THE DATE NEARS when we’re supposed to leave for Hong Kong to meet our husbands. May and I have no intention of getting on that boat. We couldn’t even if we wanted to because I threw away the tickets, but our parents don’t know that. May and I go through the motions of packing so they won’t be suspicious. We listen to Mama’s and Baba’s travel advice. The night before our scheduled departure, they take us out for dinner and tell us how much they’ll miss us. May and I wake up early the next morning, get dressed, and leave the house before anyone else rises. When we return home that evening-long after the ship has sailed-Mama weeps with pleasure that we are still here and Baba yells at us for not doing our duty.

“You don’t understand what you’ve done,” he shouts. “There’s going to be trouble.”

“You worry too much,” May says in her lightest voice. “Old Man Louie and his sons have left Shanghai, and in a few days they’ll leave China for good. They can’t do anything to us now.”

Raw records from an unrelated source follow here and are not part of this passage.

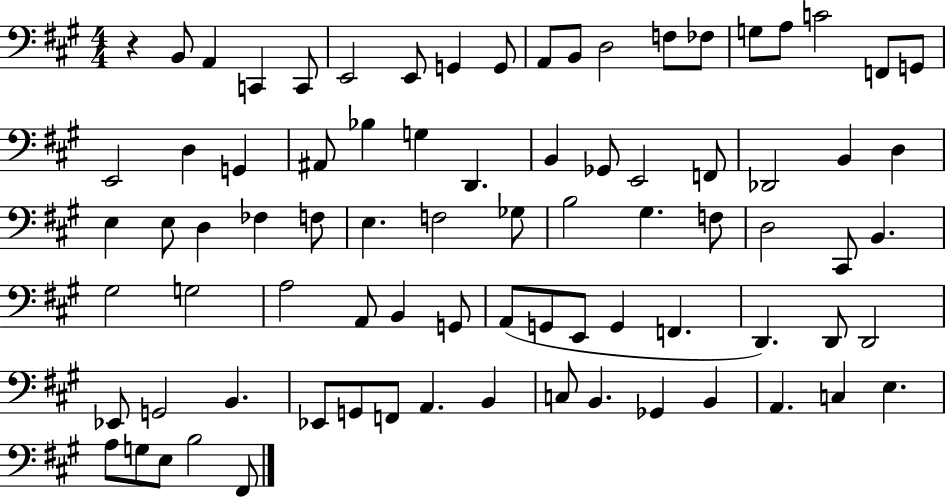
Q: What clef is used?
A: bass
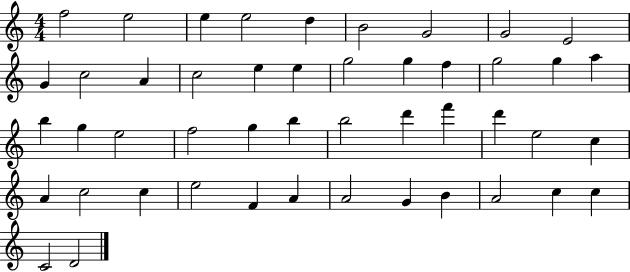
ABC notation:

X:1
T:Untitled
M:4/4
L:1/4
K:C
f2 e2 e e2 d B2 G2 G2 E2 G c2 A c2 e e g2 g f g2 g a b g e2 f2 g b b2 d' f' d' e2 c A c2 c e2 F A A2 G B A2 c c C2 D2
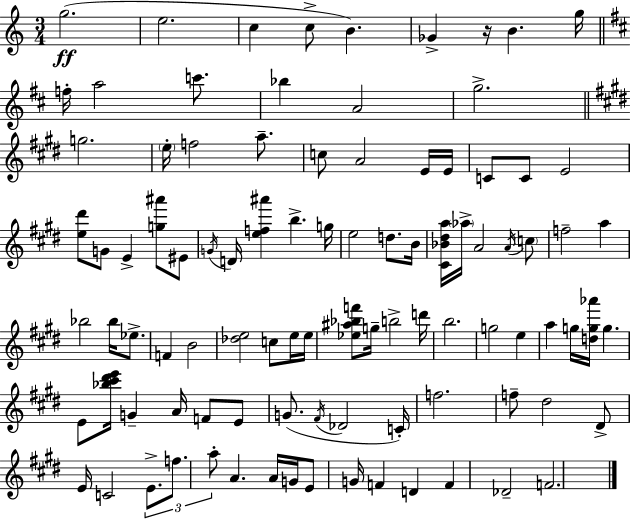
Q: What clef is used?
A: treble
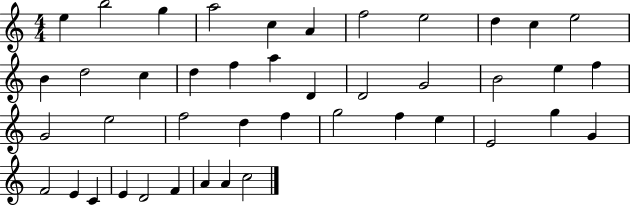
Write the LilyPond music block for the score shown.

{
  \clef treble
  \numericTimeSignature
  \time 4/4
  \key c \major
  e''4 b''2 g''4 | a''2 c''4 a'4 | f''2 e''2 | d''4 c''4 e''2 | \break b'4 d''2 c''4 | d''4 f''4 a''4 d'4 | d'2 g'2 | b'2 e''4 f''4 | \break g'2 e''2 | f''2 d''4 f''4 | g''2 f''4 e''4 | e'2 g''4 g'4 | \break f'2 e'4 c'4 | e'4 d'2 f'4 | a'4 a'4 c''2 | \bar "|."
}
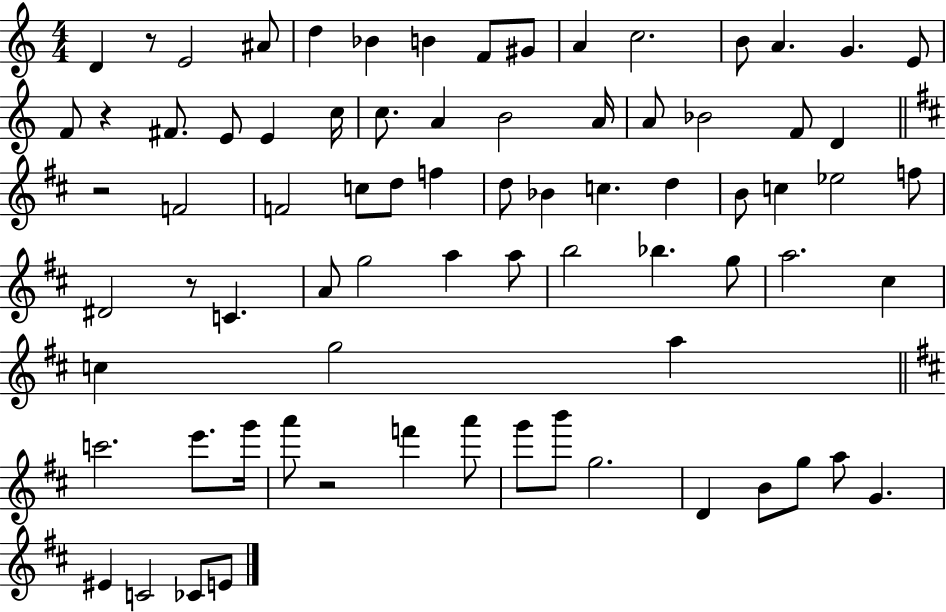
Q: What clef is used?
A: treble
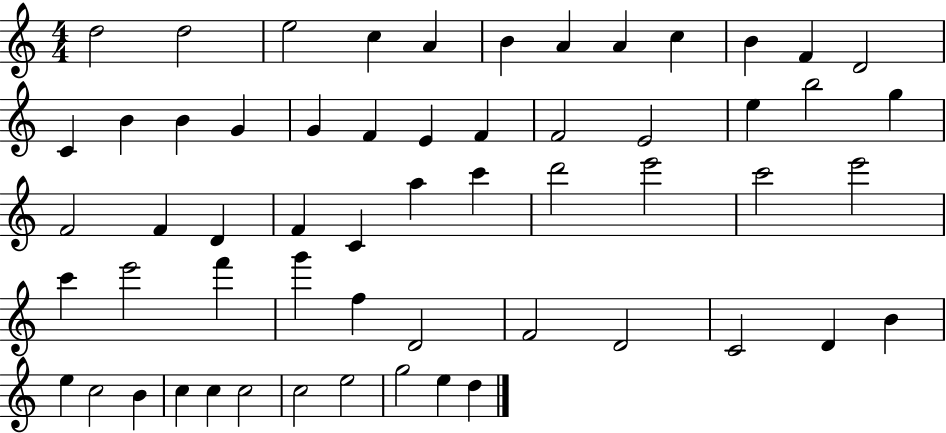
D5/h D5/h E5/h C5/q A4/q B4/q A4/q A4/q C5/q B4/q F4/q D4/h C4/q B4/q B4/q G4/q G4/q F4/q E4/q F4/q F4/h E4/h E5/q B5/h G5/q F4/h F4/q D4/q F4/q C4/q A5/q C6/q D6/h E6/h C6/h E6/h C6/q E6/h F6/q G6/q F5/q D4/h F4/h D4/h C4/h D4/q B4/q E5/q C5/h B4/q C5/q C5/q C5/h C5/h E5/h G5/h E5/q D5/q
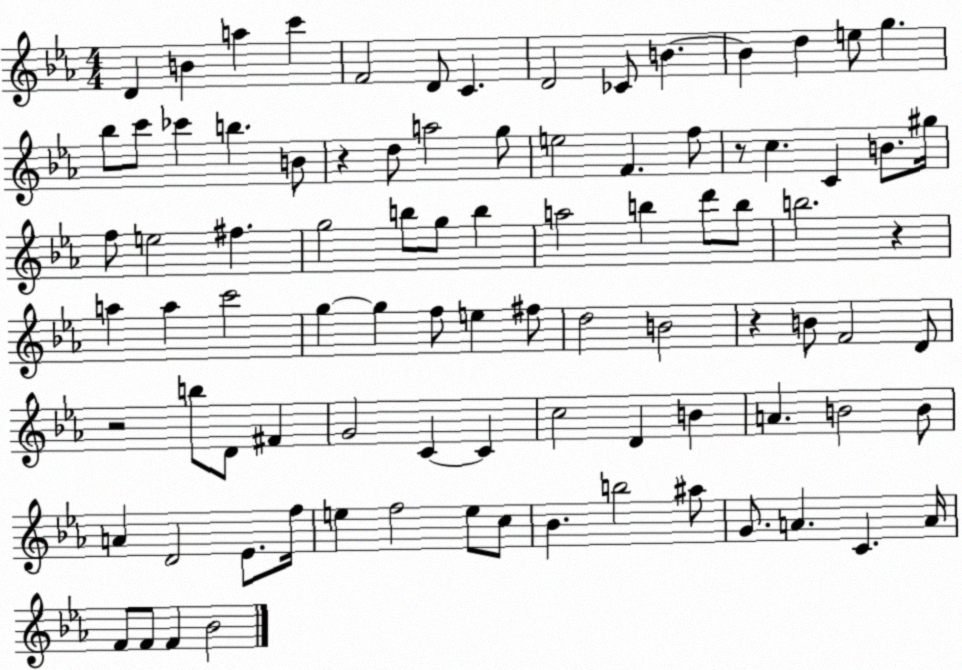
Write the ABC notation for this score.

X:1
T:Untitled
M:4/4
L:1/4
K:Eb
D B a c' F2 D/2 C D2 _C/2 B B d e/2 g _b/2 c'/2 _c' b B/2 z d/2 a2 g/2 e2 F f/2 z/2 c C B/2 ^g/4 f/2 e2 ^f g2 b/2 g/2 b a2 b d'/2 b/2 b2 z a a c'2 g g f/2 e ^f/2 d2 B2 z B/2 F2 D/2 z2 b/2 D/2 ^F G2 C C c2 D B A B2 B/2 A D2 _E/2 f/4 e f2 e/2 c/2 _B b2 ^a/2 G/2 A C A/4 F/2 F/2 F _B2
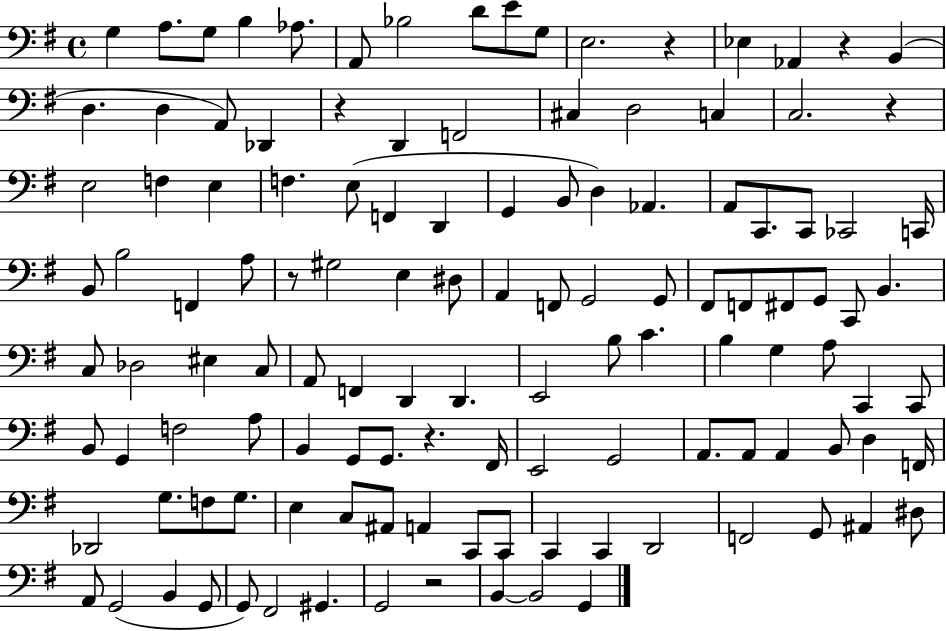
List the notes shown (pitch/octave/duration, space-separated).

G3/q A3/e. G3/e B3/q Ab3/e. A2/e Bb3/h D4/e E4/e G3/e E3/h. R/q Eb3/q Ab2/q R/q B2/q D3/q. D3/q A2/e Db2/q R/q D2/q F2/h C#3/q D3/h C3/q C3/h. R/q E3/h F3/q E3/q F3/q. E3/e F2/q D2/q G2/q B2/e D3/q Ab2/q. A2/e C2/e. C2/e CES2/h C2/s B2/e B3/h F2/q A3/e R/e G#3/h E3/q D#3/e A2/q F2/e G2/h G2/e F#2/e F2/e F#2/e G2/e C2/e B2/q. C3/e Db3/h EIS3/q C3/e A2/e F2/q D2/q D2/q. E2/h B3/e C4/q. B3/q G3/q A3/e C2/q C2/e B2/e G2/q F3/h A3/e B2/q G2/e G2/e. R/q. F#2/s E2/h G2/h A2/e. A2/e A2/q B2/e D3/q F2/s Db2/h G3/e. F3/e G3/e. E3/q C3/e A#2/e A2/q C2/e C2/e C2/q C2/q D2/h F2/h G2/e A#2/q D#3/e A2/e G2/h B2/q G2/e G2/e F#2/h G#2/q. G2/h R/h B2/q B2/h G2/q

Baba’s face roils with anger. For a moment I think he’s going to hit May, but then he squeezes his hands into fists, marches off to the salon, and slams the door. May looks at me and shrugs. Then we turn ourselves over to our mother, who takes us into the kitchen and orders Cook to make tea and give us a couple of precious English butter cookies he has saved in a tin.

Eleven days later, it rains in the morning, so the heat and humidity are not as bad as usual. Z.G. splurges and hires a taxi to take us to the Lunghua Pagoda on the outskirts of the city to fly his kite. It isn’t the most beautiful place. There’s an airstrip, an execution ground, and a camp for Chinese troops. We tromp across the field until Z.G. finds a spot to stage the flight. Some soldiers-wearing ripped tennis shoes and faded, ill-fitting uniforms with insignia pinned to their shoulders-abandon a puppy they’re playing with to help us.